[AVAILABLE RECORDS Boundary: Start]

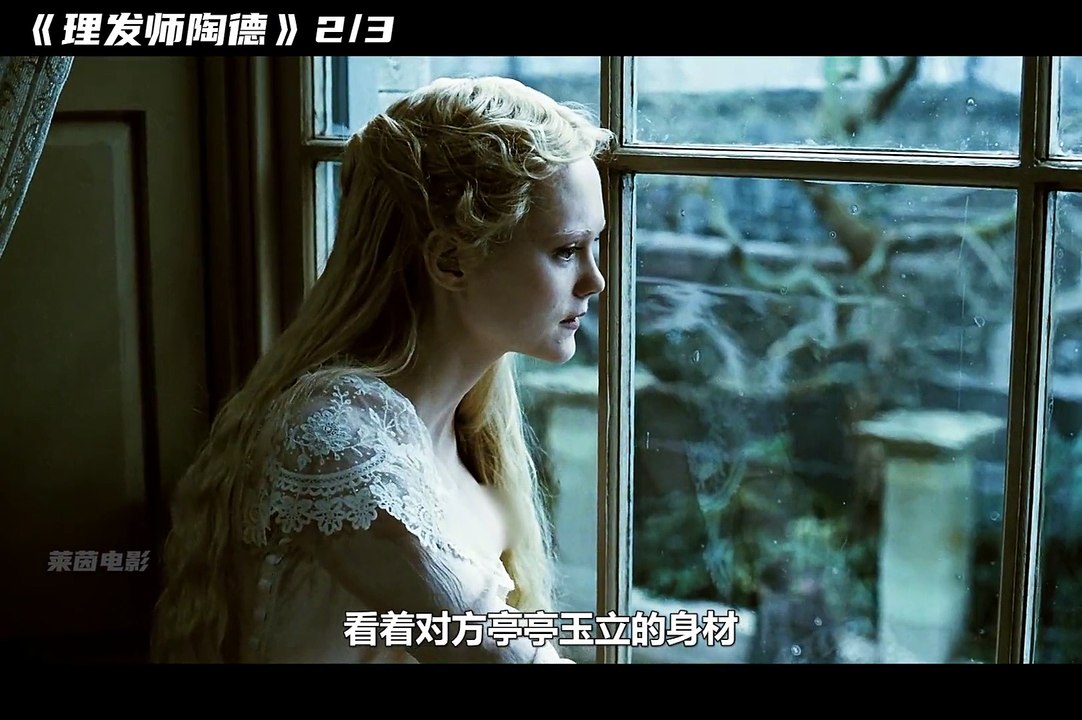 The barber seeks revenge for his wife by turning her killer into meat pies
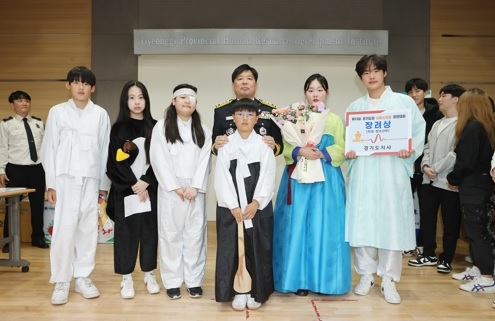 이천소방서, 제13회 경기도민 심폐소생술 경연대회 학생부 ‘장려상’ 수상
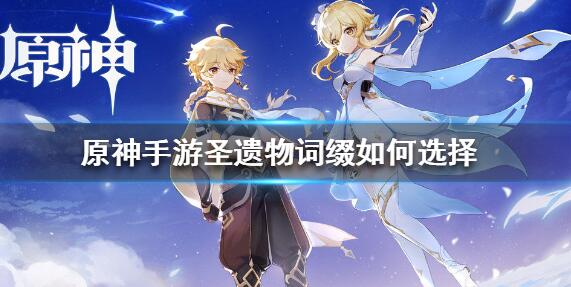 ԭʥ׺ȶ ʥ׺ѡƼ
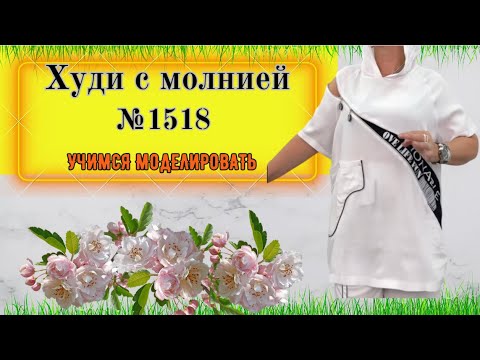 Видео: Худи с коротким рукавом, Декором Молния расстёгивающимся со спины № 1500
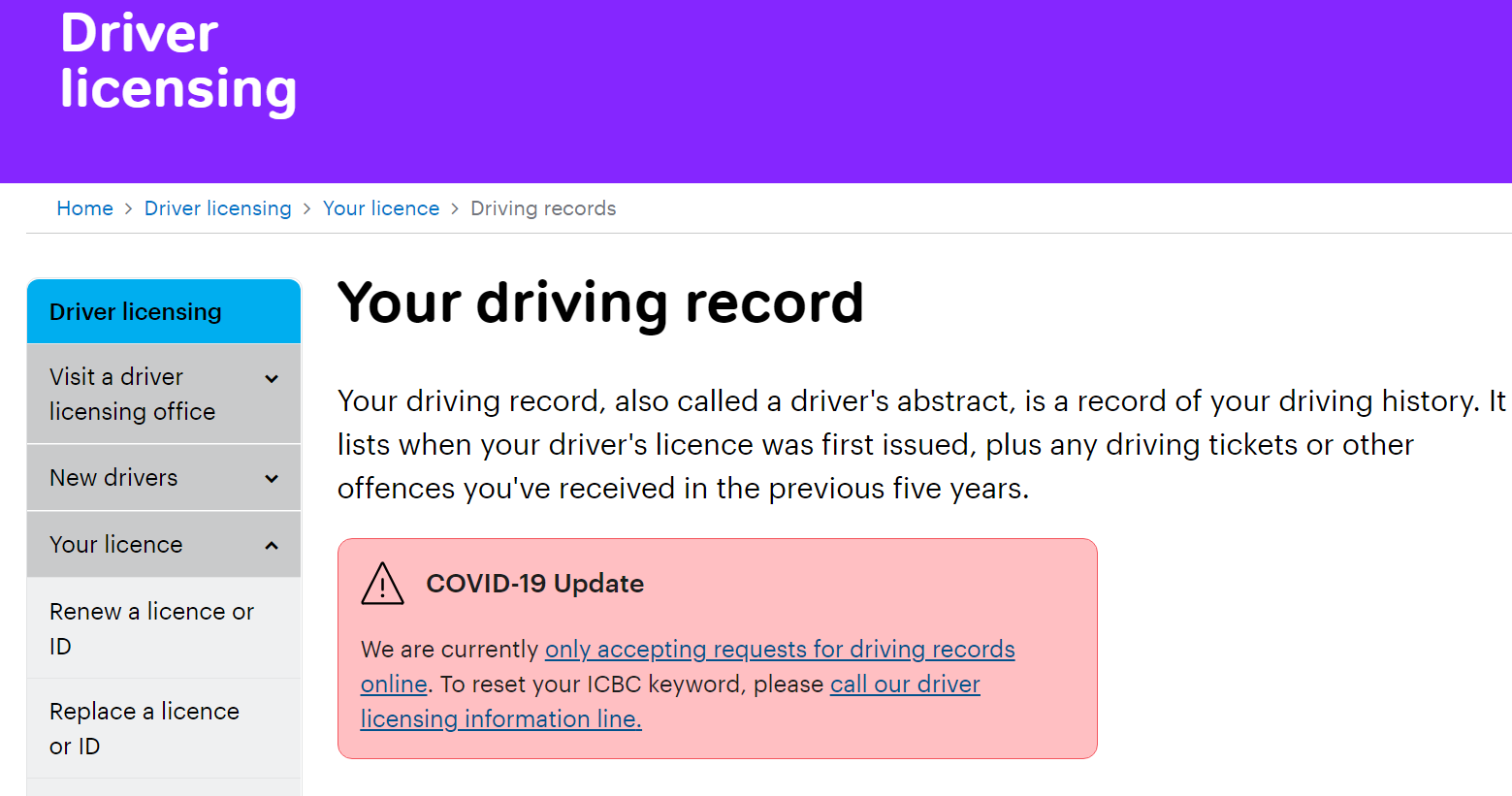  캐나다 ICBC에서 발급하는 운전 경력 증명서 (Driving Records)가 필요하세요?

[AVAILABLE RECORDS Boundary: End]

* [TASK TO CARRY OUT]: Copy every entry above exactly as it stands, but leave the pictures out.

* [WRITTEN SOLUTION]:
 The barber seeks revenge for his wife by turning her killer into meat pies
 이천소방서, 제13회 경기도민 심폐소생술 경연대회 학생부 ‘장려상’ 수상
 ԭʥ׺ȶ ʥ׺ѡƼ
 Видео: Худи с коротким рукавом, Декором Молния расстёгивающимся со спины № 1500
  캐나다 ICBC에서 발급하는 운전 경력 증명서 (Driving Records)가 필요하세요?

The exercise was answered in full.